Cefoperazone 2g powder for solution for injection or infusion should be dissolved in 3.8ml of water for injection and then in 1.2ml of 2% lidocaine.
For the initial reconstitution for intravenous use, each 1g of cefoperazone should be dissolved in 5ml of the following diluents:
1. 5% glucose injection
2. 5% glucose and 0.2% sodium chloride
3. 10% glucose
4. 0.9% sodium chloride
5. Ringer Lactate
6. water for injection
The total amount of the resulting solution should then be diluted in any of the above diluents prior to administration.
For intermittent intravenous administration, each vial of cefoperazone 1 g should be diluted in 20-100 ml of one of the compatible sterile solutions and administered as an infusion over 15 minutes to 1 hour.
Sterile water for injection should not be added to the vial more than 20 ml, when preferably used as the solvent.

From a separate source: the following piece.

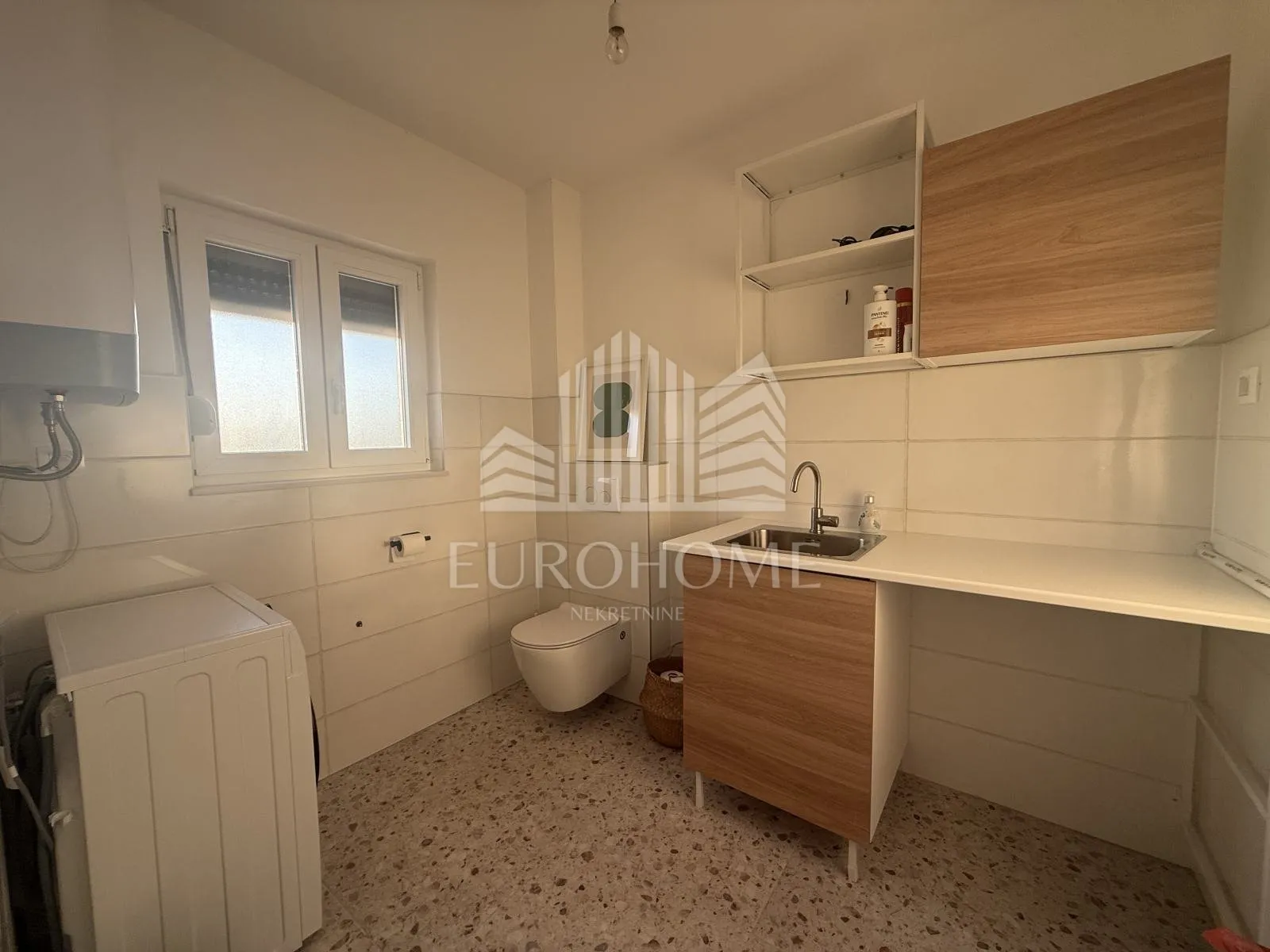 sinj, otok, najam nova kamena kuća, 200m2 - slika 14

For the preparation of continuous intravenous infusion, each gram of cefoperazone should be reconstituted in 5 ml of sterile water for injection and added into the desired amount of the corresponding intravenous solvent.
The maximum dose for intravenous injection administration should be 2 g cefoperazone for adults and 50 mg/kg for children. The product should be dissolved in an appropriate solvent to a final concentration of 100 mg/ml, and should be administered for at least 3-5 minutes.

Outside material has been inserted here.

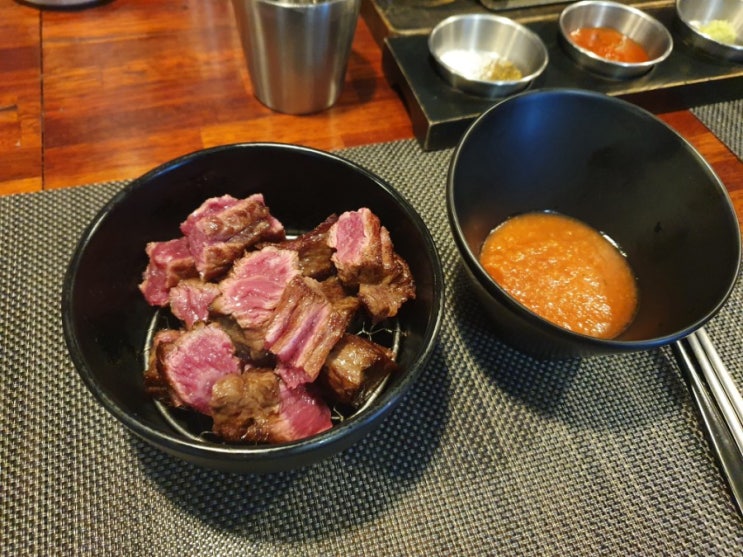  혼술, 혼밥하기 좋은 노량진 고기맛집 <밋투데이>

On the basis of the chemical and physical in-use stability, the chemical and microbiological attributes of the solutions are kept within the predetermined specifications for a period of at most 24 hours after reconstitution when the solutions are stored at 25°C or for a period of at most 120 hours after reconstitution when solutions are stored under refrigeration. The above applies to all the aforementioned diluents except for Ringer Lactate where the reconstituted solution keeps its chemical and microbiological properties for 12hours after reconstitution when the solution is stored at 25°C. Similarly with the all other diluents when vials are reconstituted with Ringer Lactate they are stable for over a period of 120hours after reconstitution when solutions are stored at 2-8°C.
From microbiological point of view, the product should be used immediately. If not used immediately, in use storage times and conditions prior to use are the responsibility of the user and would normally not be longer than 24hours at 2°C–8°C, unless reconstitution has taken place in controlled and validated aseptic conditions.